But you also give up a LOT of flexibility in controlling the tonal values of differently colored objects.

When shooting with an unmasked monochrome sensor, the tonal relationships between objects of different colors are locked in as soon as the sensor is exposed. Any filtering to make similarly bright objects of one color a brighter shade of grey than equally bright objects of another color must be done using a physical filter at the time of exposure. The monochrome sensor only records a shade of grey. The raw files can no longer differentiate between objects that were different colors.

If we use a red filter when we shoot in monochrome without a Bayer mask, we can't go back based only on the information contained in the raw data and make it look like we used a green filter, or even an orange filter after the fact. With a digital raw file from a Bayer masked sensor, the possibilities of adjusting relative tonal values based on the colors of objects in the scene are near endless!

If your ultimate goal is to get the highest resolution possible of flat B&W test charts, then the monochromatic sensor is the clear winner.

If, on the other hand, your goal is to get the best possible results shooting in challenging lighting situations then the choice is not so clear cut.

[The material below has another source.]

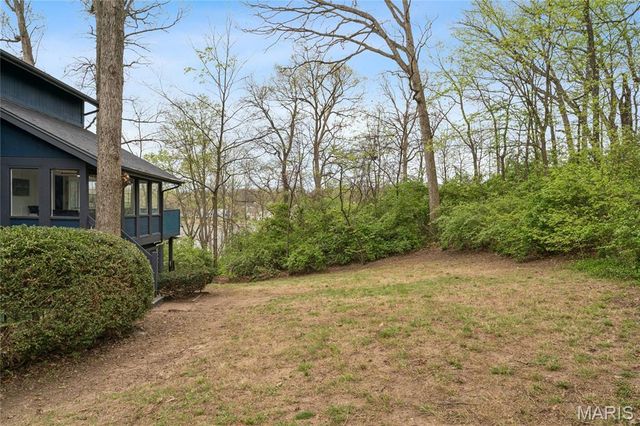 39 Metz Court, Lake St Louis, MO 63367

Consider this shot, which is basically how the scene appeared to my eyes when I shot it on an outdoor festival stage at night.

enter image description here
EOS 7D Mark II + EF 70-200mm f/2.8 L IS II, ISO 3200, f/2.8, 1/500 second.

Converted to monochrome without using any synthetic color filters after the fact would give a result something like this:

enter image description here

Applying a green filter after the fact to increase contrast under red light and reduce the diffusion caused by the on stage "fog" illuminated by the red light gave me this:

enter image description here

Putting a green filter in front of the lens using a monochrome sensor would have given slightly more theoretical resolution, but the blurring from shooting handheld in low light of a subject in motion while standing on a temporary stage vibrating with the music being played at high volume levels would have probably obliterated that tiny difference. Plus, if I still had that green filter on the lens a few seconds later when the color of the stage lights changed to predominately blue - or green, or white or orange - I'd have been scrambling to remove the filter and put on an orange, red, or blue one before shooting the next photo. By which time the light would have changed colors again...

For a more complete technical explanation of how Bayer CFAs affect resolution and quantum efficiency compared to monochrome without a CFA, please see this answer to How does shooting on dedicated monochrome digital cameras compare to shooting in monochrome mode on full-colour digital cameras?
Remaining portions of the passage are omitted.